Notre Dame's Farley takes interesting route
His sisters, Joy and Chara, look like supermodels but are really super business women. All three of Notre Dame sophomore safety Matthias Farley's older brothers have overstuffed trophy cases. Timon even played professional basketball in Europe.
"My parents have always been very supportive of whatever we have to do," Matthias Farley said. "My dad always joked around, 'If it's legal and you like it, do it.'"
What the Charlotte, N.C., product is doing these days is as absolutely legal, but just as improbable.
In just his fourth year of organized football, and one year removed from being a scout-team receiver at ND, Farley is the safety net on the nation's 10th-ranked pass defense and the surprise player on the country's surprise team.
The seventh-ranked Irish (5-0) look to continue their ascent from preseason unranked team to BCS title contender Saturday against a 17th-ranked Stanford team (4-1) that's bullied the Irish in their last three meetings.

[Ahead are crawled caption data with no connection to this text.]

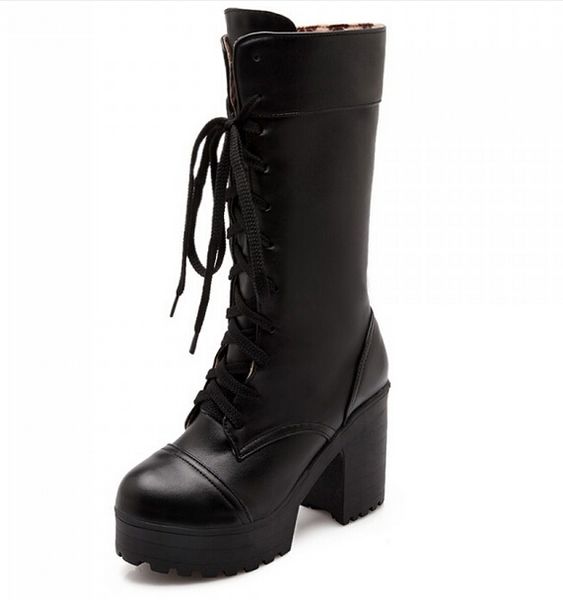 

wholesale- riding boots chunky heels platform faux pu leather round toe mid-calf boots fashion cross straps 2015 new woman shoes, Black
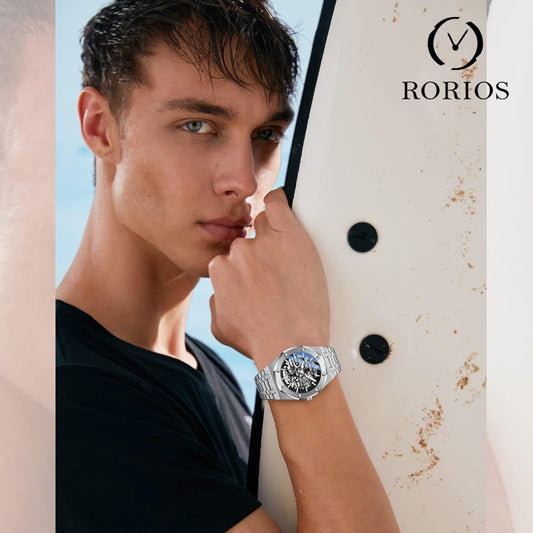 RORIOS Montre Homme Mécanique Automatique Lumineuse Avec Bracelet en Acier Inoxydable - Décontractée Squelette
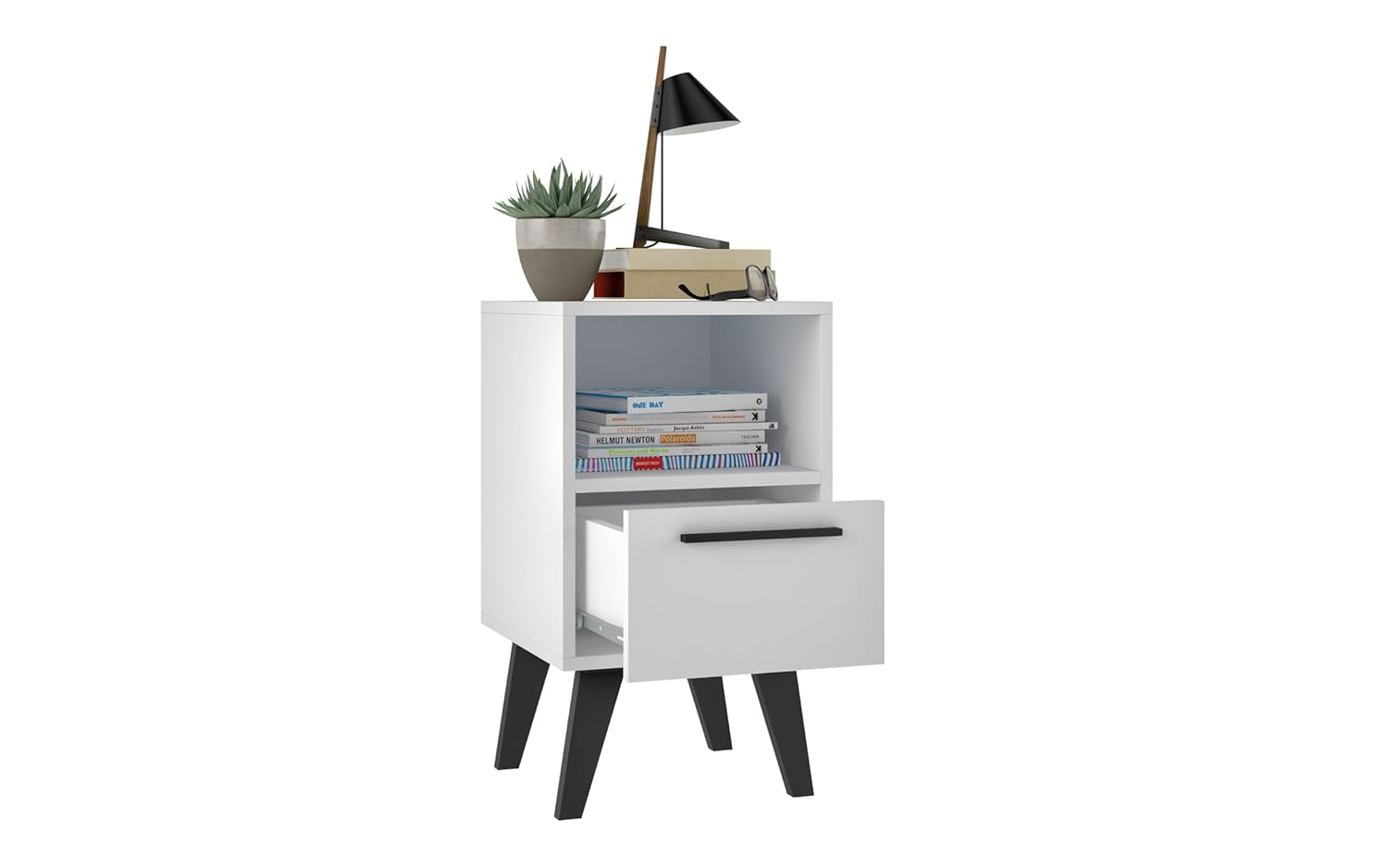 Mid-Century- Modern Amsterdam Nightstand 1.0 with 1 Shelf in White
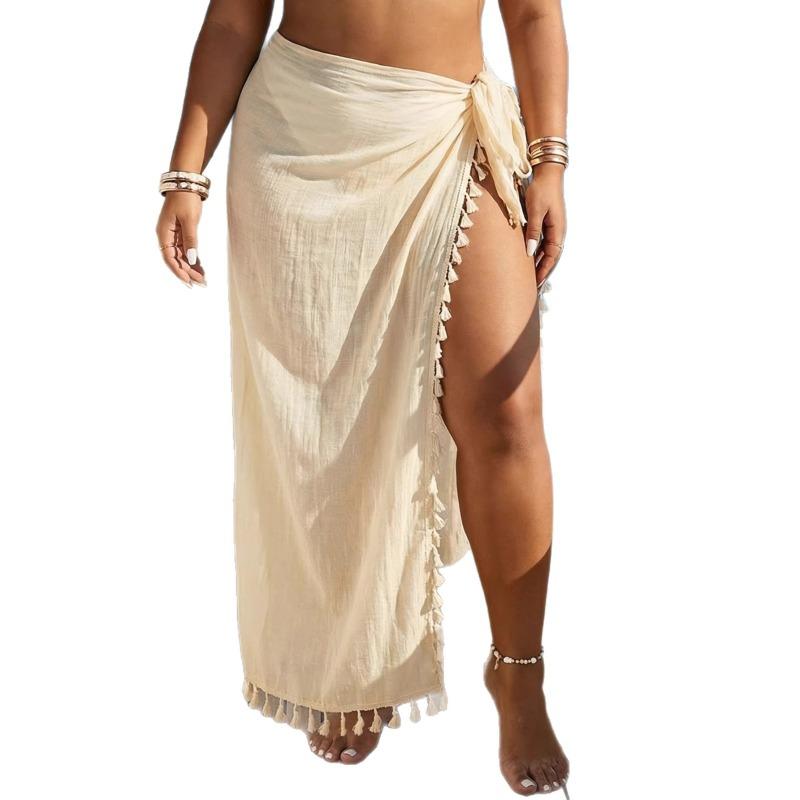 Plus Size Women S Beach Wrap Skirt One Piece Tie Strap Solid Color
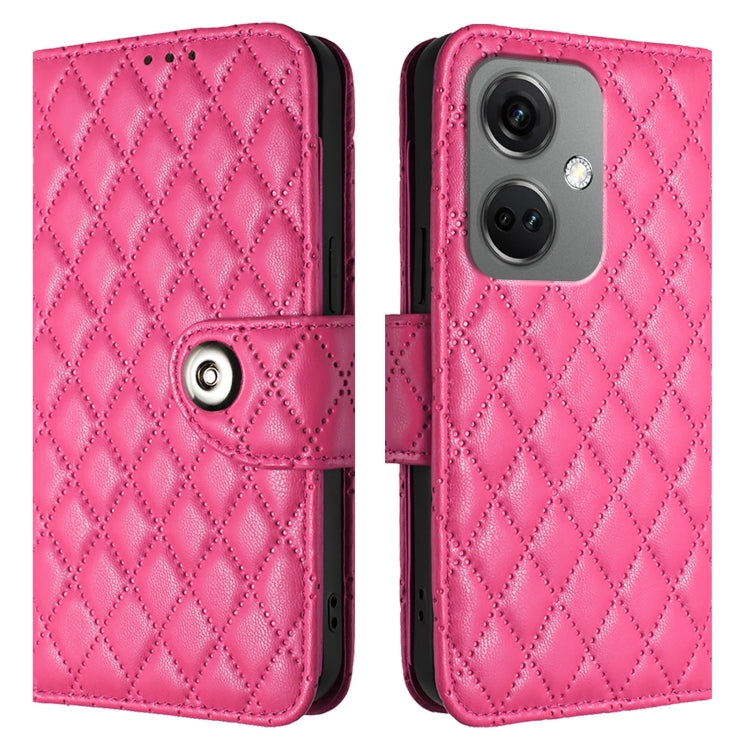 For OnePlus Nord CE3 Rhombic Texture Flip Leather Phone Case with Lanyard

In their most recent clash -- a 28-14 Cardinal victory in Palo Alto, Calif., last November -- Farley didn't even make the travel squad. He watched the game on TV back in South Bend. Four years ago, he was a soccer star on a bad Charlotte (N.C.) Christian team with absolutely no football aspirations.
Now he's in the thick of Saturday's story line.
"It's a crazy thing to hear or see from the outside," Farley said. "For me, sometimes you've got to take a step back and say, 'Wow, all this has happened in a very short order, but it's also happened for a reason.'
"I don't know exactly what the reason is and what will become of everything, but I know that things that have happened up to this point have led to the situation I'm in now. And I'm just trying to take that and do whatever I can do to the best of my ability."
What that looks like statistically is Farley has nine tackles and no emotional scars since taking over the No. 1 free safety spot from fifth-year senior Jamoris Slaughter just after halftime of ND's breakthrough 20-3 victory over Michigan State on Sept. 15. In that game, Slaughter tore his Achilles tendon, ending his season.
But even for Farley to be the next man in at that point, makes the "Rudy" script look a little flat.
He finally gave football a try in the late spring of his sophomore year after soccer season had ended. Charlotte Christian head football coach Jason Estep and several close friends won him over.
Then he lost them. He showed up in green soccer cleats for his first practice. And that wasn't the worst of it. His movements were beyond awkward as he auditioned first as a wide receiver.
"When I went out for a pass, it looked like I was swimming every time I'd go into a break," he said, "so everybody knew what I was going to do. My arms looked like I was landing jets."
Playing defense came a little more naturally, since Farley's flaw as a soccer player was getting yellow cards for being overly physical. But the growth curve was so slow and painful, Farley's brother, Nathan, had to talk him out of quitting three or four times.
So did Charlotte Christian assistant Eugene Robinson, who refused to give up on his raw pupil. And that is why Farley wears No. 41 today, as a tip of the cap to the former NFL safety who wore that number during his 15-year pro career.
By the end of his first full season of football, Farley's junior year, there was a buzz about his potential in his new sport. North Carolina, N.C. State, Wisconsin and UCLA all offered scholarships before Notre Dame jumped in the spring of Farley's junior year.
At the time, his knowledge of Notre Dame football was limited to Knute Rockne, the Four Horseman and Rudy, but he knew all about the academic reputation. And by the end of April 2010, he committed to play at ND.